Data supplied START

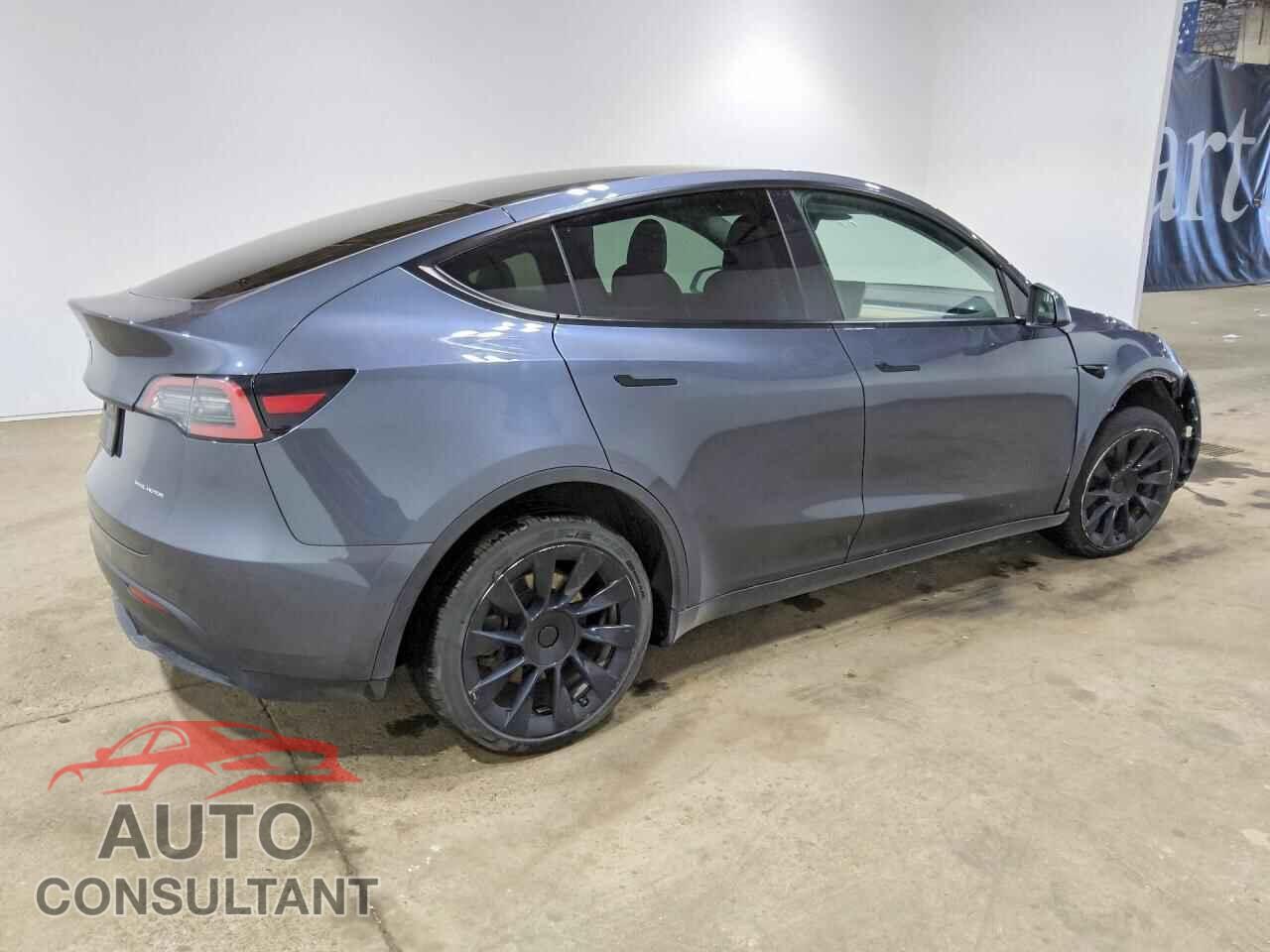TESLA MODEL Y 2022 - 7SAYGDEE8NF480522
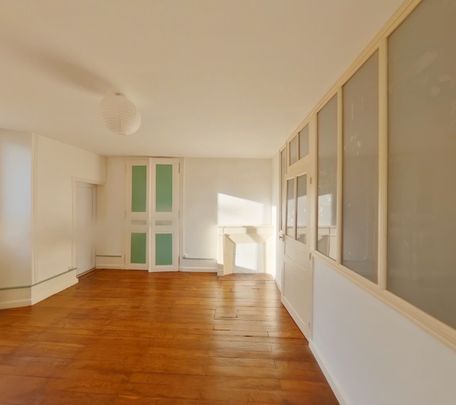 Location Maison 4 pièces 104m² CHAUVIGNY 86300 - Photo 1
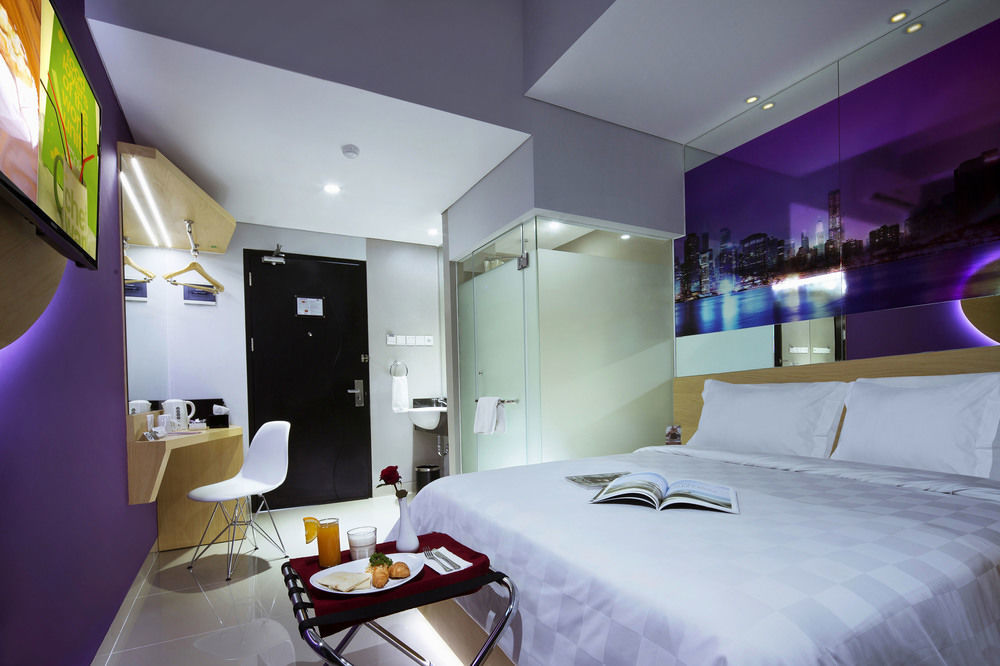 G Suites Hotel By Amithya Surabaya Kültér fotó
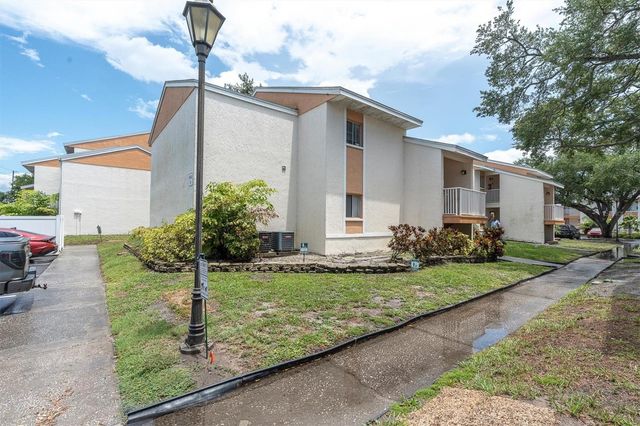 675 99TH AVENUE N 102, St Petersburg, FL 33702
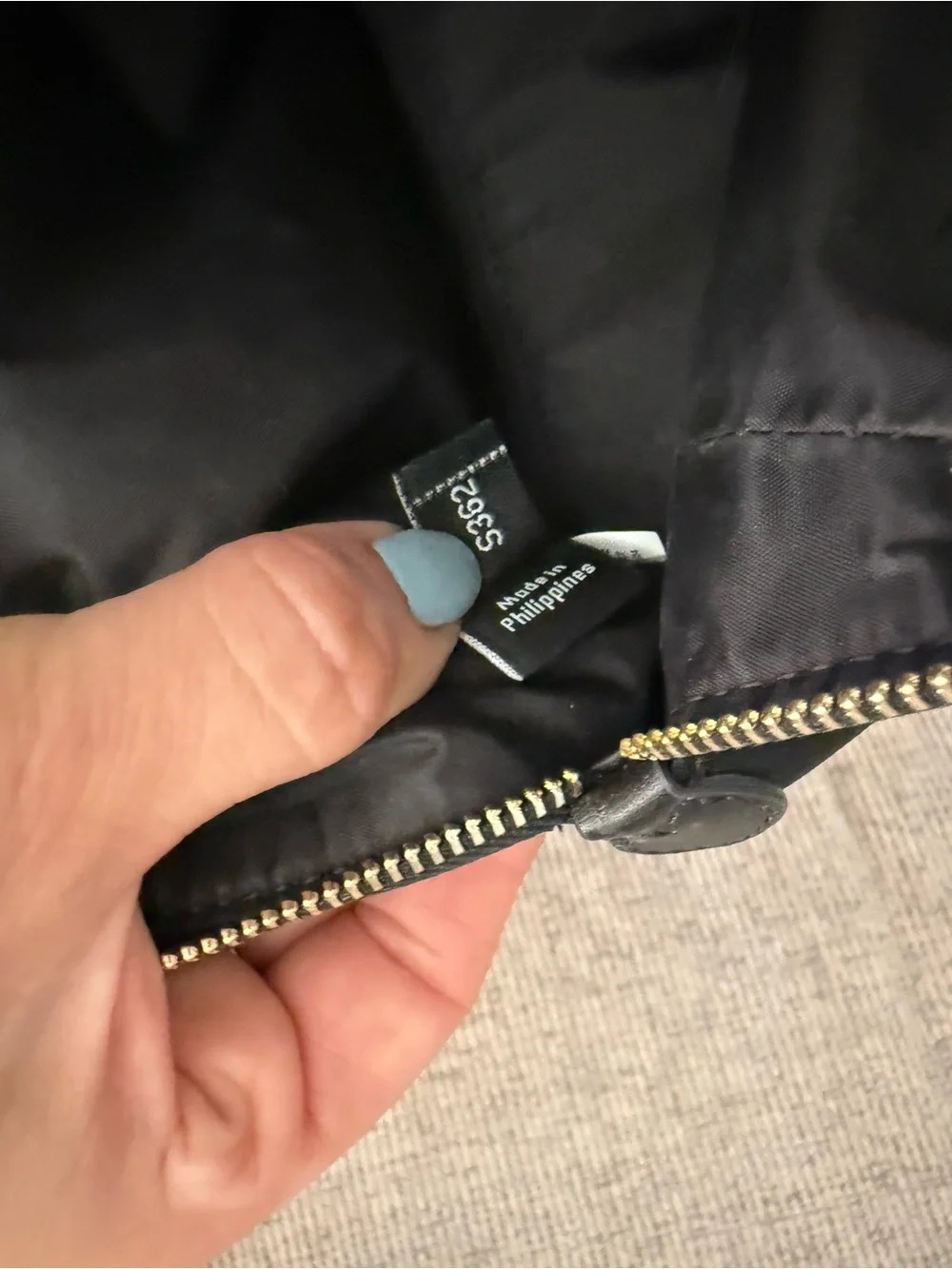 kate spade black zip cosmetic pouch with wristlet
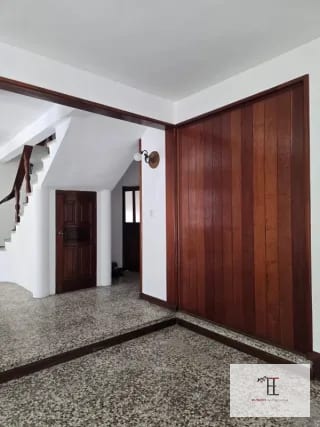 Rento casa en San Cristobal  Exclusivo para Comercio o Empresas Área  2,223 met² Área  de construcción  380 met² Ubicada a 40 metros de Sankris Mall — Oficina en Alquiler en Zona 8 Mixco, Guatemala, Ciudad — miniatura 3 de 5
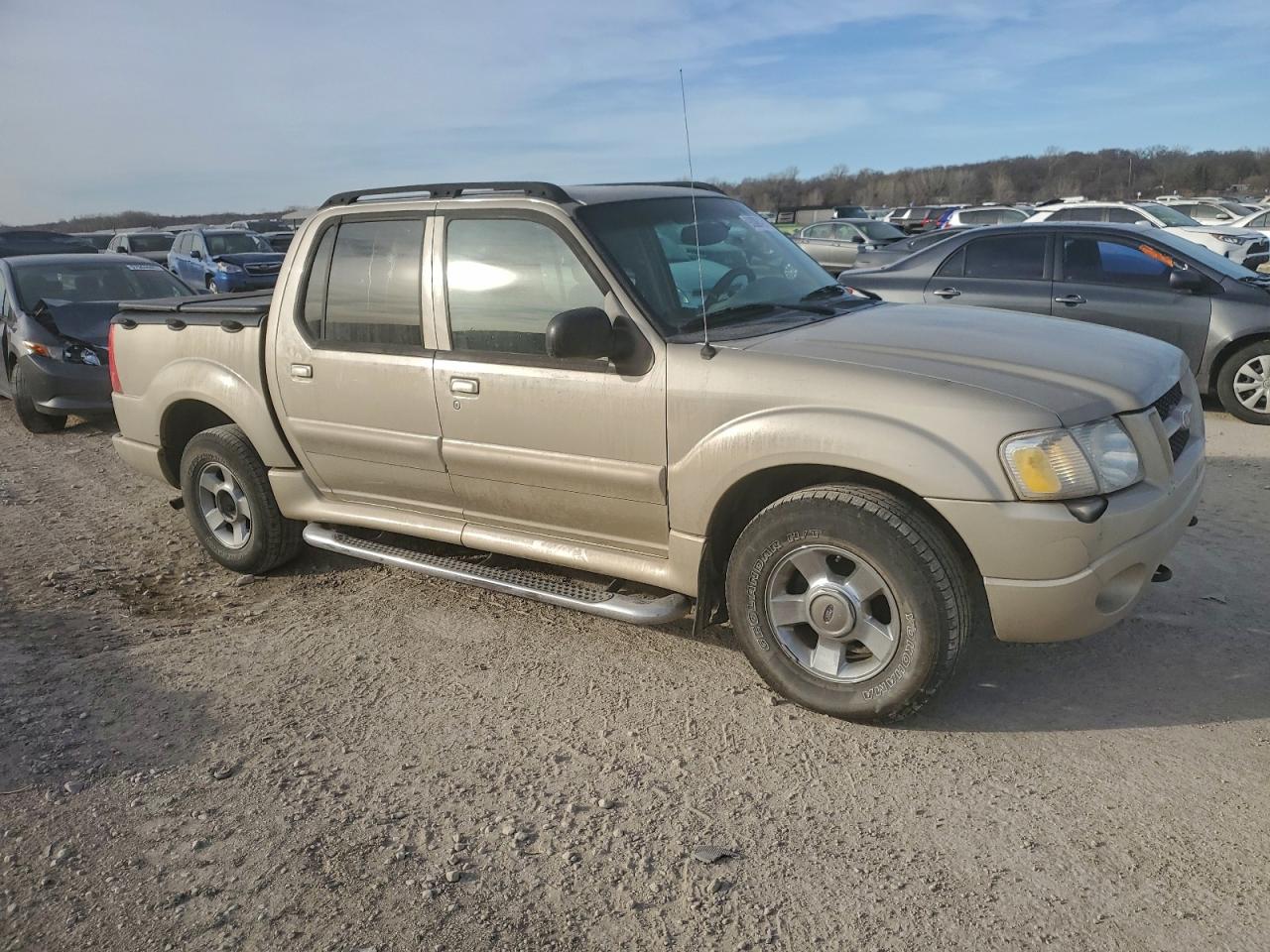 2004 FORD EXPLORER SPORT TRAC photo 4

Data supplied END

* **What the task asks**
Reproduce each entry precisely; the pictures stay out.

* **Reply to the exercise**
TESLA MODEL Y 2022 - 7SAYGDEE8NF480522
 Location Maison 4 pièces 104m² CHAUVIGNY 86300 - Photo 1
 G Suites Hotel By Amithya Surabaya Kültér fotó
 675 99TH AVENUE N 102, St Petersburg, FL 33702
 kate spade black zip cosmetic pouch with wristlet
 Rento casa en San Cristobal  Exclusivo para Comercio o Empresas Área  2,223 met² Área  de construcción  380 met² Ubicada a 40 metros de Sankris Mall — Oficina en Alquiler en Zona 8 Mixco, Guatemala, Ciudad — miniatura 3 de 5
 2004 FORD EXPLORER SPORT TRAC photo 4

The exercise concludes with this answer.